B-Tree Index¶

Indexes in DBs are used to speed up your read queries.

Without Indexes, when you query for some records on your table, the DB would to sequentially search all the table pages and gather records matching your query. This internally involves many steps like loading the page from disk into memory and filtering the tuples, which is very inefficient and the time took grows linearly with the dataset. To optimize this, you can maintain a sorted order in your table which allows you to use Binary Search to cut the time taken to \(O(log n)\). But this sort of algorithm operates very poorly at disk level, since it requires you to load random pages causing lots of random I/O which under utilizes page buffer pool in memory. To minimize random disk I/O, computer scientists invented a balanced tree data structure where each node (DB page) stored multiple keys along with pointers to multiple child nodes similar to below diagram.

graph TD

    %% Level 0 (root)
    R["[20 | 40]"]

    %% Level 1
    A["[10]"]
    B["[30]"]
    C["[50 | 60]"]

    R --> A
    R --> B
    R --> C

    %% Level 2
    A1["[5]"]
    A2["[12 | 18]"]

    B1["[22 | 25]"]
    B2["[32 | 35]"]

    C1["[45 | 48]"]
    C2["[55]"]
    C3["[65 | 70]"]

    A --> A1
    A --> A2

    B --> B1
    B --> B2

    C --> C1
    C --> C2
    C --> C3

Use mouse to pan and zoom

The tree consists of root node which is the starting point for search, branch nodes consisting of keys and pointers to next level of nodes, and leaf nodes which consists of actual keys and respective data. With this you can store the root and branch nodes in memory most of the time as they're required for navigating through the tree and only evict the leaf nodes as required, essentially reducing disk I/Os required to find a key. The data structure is named as B+ Tree or commonly known as B Tree index. Additionally, the leaf nodes also have reference to their respective neighbouring leaf node which saves you the cost of traversing the whole tree in ordered to fetch a range of key.

Let's look into how DBs use this B-Tree structure to perform different CRUD operations.

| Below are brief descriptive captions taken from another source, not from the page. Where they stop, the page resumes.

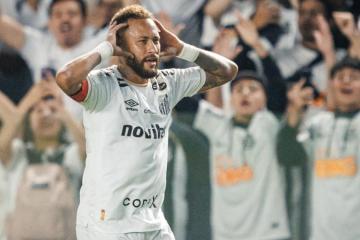 Neymar anotó doblete en empate de Santos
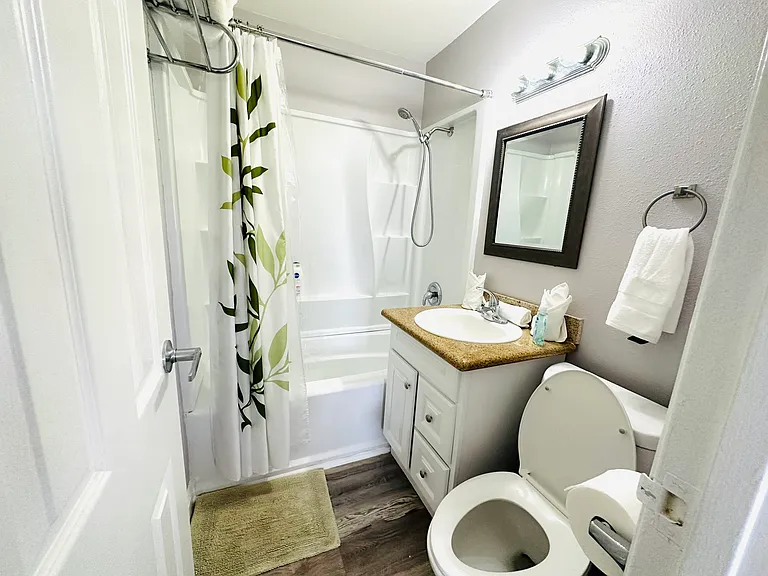 104 Mount Vernon Cir #C — Photo 4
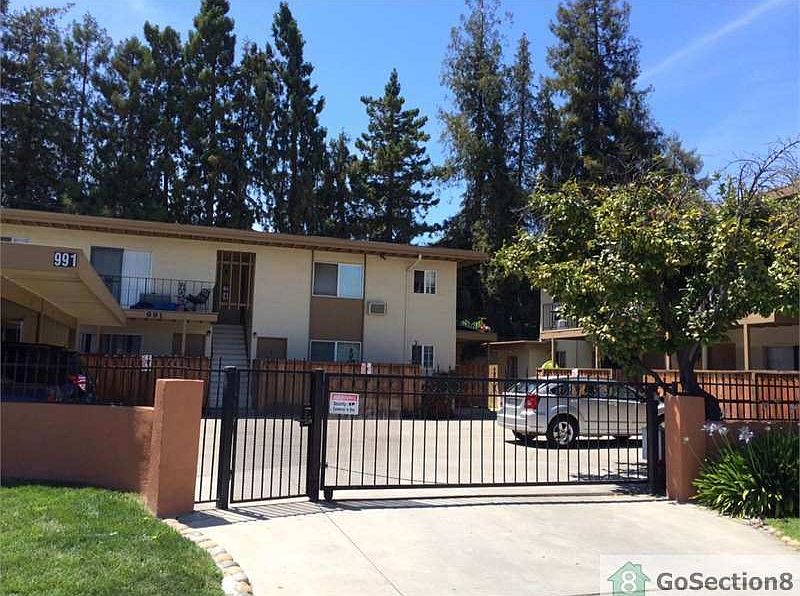 1st image of 995 Ravenscourt Ave #1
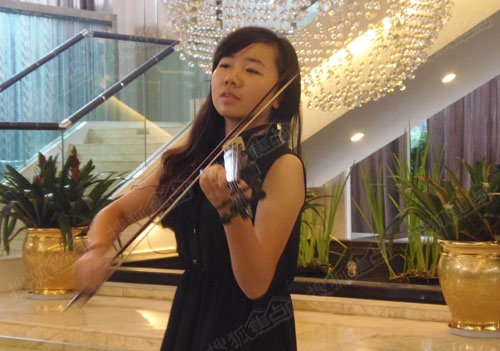 小提琴演奏点热气氛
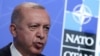 Recep Tayyip Erdoğan török elnök egy brüsszeli NATO-csúcson 2021. június 14-én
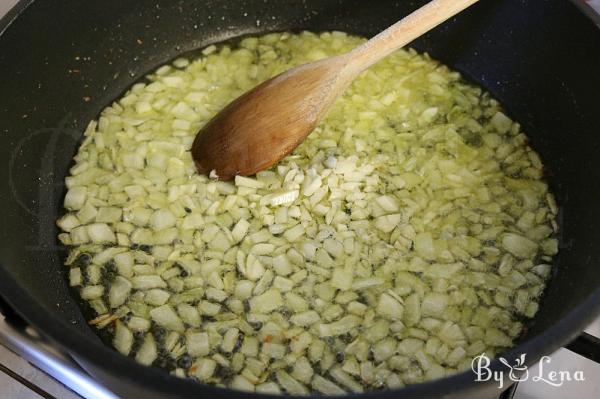 Easy Creamy Chicken Pesto Pasta - Step 4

Search: The search begins from the root node to respective leaf node by repeatedly comparing the search key with keys in current node and moving to appropriate child node. For example, if search key is between two keys in a node, move to the child pointer between them. Since the keys in each node are ordered, we can use binary search to determine the key location in \(O(logk)\) time(k -> number of keys in each node or the degree of B-Tree).
Insert: Find the leaf node responsible for holding the new key and place the key into the leaf node. If the node is overfilled a page split occurs.
- Divide the leaf node into two leaf nodes.
- Add the middle key from leaf node into parent node.
- Update the pointers to child nodes in parent node.
This process is cascading as page split in low level nodes can move upto higher level nodes which result in lots of movement of data on disk than required, causing write amplifications and spikes in disk usage. You can minimize this effect by using sequential index keys where the index is filled from left to right.
Delete: Find the node containing the key to be deleted and removing the key. If the node has too few keys after deletion, it must be restructured by either Borrowing a key from sibling node or Merging with a sibling node which can cascade to higher level nodes potentially reducing the height of tree.
Update: It usually involves a search for the key and then performing a delete operation, followed by an insert for the new value.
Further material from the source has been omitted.